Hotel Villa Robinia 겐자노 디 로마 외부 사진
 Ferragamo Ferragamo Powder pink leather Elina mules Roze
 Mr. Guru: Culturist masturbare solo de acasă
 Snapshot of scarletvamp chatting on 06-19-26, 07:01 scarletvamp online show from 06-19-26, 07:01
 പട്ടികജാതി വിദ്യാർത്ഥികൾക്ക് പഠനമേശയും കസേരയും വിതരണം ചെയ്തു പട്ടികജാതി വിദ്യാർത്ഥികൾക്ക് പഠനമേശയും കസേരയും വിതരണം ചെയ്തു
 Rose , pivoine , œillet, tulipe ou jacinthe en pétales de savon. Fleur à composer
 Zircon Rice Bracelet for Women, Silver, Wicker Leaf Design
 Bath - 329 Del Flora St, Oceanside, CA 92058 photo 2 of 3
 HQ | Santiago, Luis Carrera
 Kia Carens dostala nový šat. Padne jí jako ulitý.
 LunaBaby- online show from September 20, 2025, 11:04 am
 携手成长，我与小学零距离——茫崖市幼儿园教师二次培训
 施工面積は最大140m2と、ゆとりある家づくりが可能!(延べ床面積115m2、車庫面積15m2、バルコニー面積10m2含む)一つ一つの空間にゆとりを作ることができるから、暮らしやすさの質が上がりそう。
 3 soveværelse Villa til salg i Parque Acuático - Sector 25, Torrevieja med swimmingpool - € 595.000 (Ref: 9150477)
####
# Task item:
Copy from the line with "Rose , pivoine" to the final line of the records, inclusive, and add nothing else.

# Expected output:
 Rose , pivoine , œillet, tulipe ou jacinthe en pétales de savon. Fleur à composer
 Zircon Rice Bracelet for Women, Silver, Wicker Leaf Design
 Bath - 329 Del Flora St, Oceanside, CA 92058 photo 2 of 3
 HQ | Santiago, Luis Carrera
 Kia Carens dostala nový šat. Padne jí jako ulitý.
 LunaBaby- online show from September 20, 2025, 11:04 am
 携手成长，我与小学零距离——茫崖市幼儿园教师二次培训
 施工面積は最大140m2と、ゆとりある家づくりが可能!(延べ床面積115m2、車庫面積15m2、バルコニー面積10m2含む)一つ一つの空間にゆとりを作ることができるから、暮らしやすさの質が上がりそう。
 3 soveværelse Villa til salg i Parque Acuático - Sector 25, Torrevieja med swimmingpool - € 595.000 (Ref: 9150477)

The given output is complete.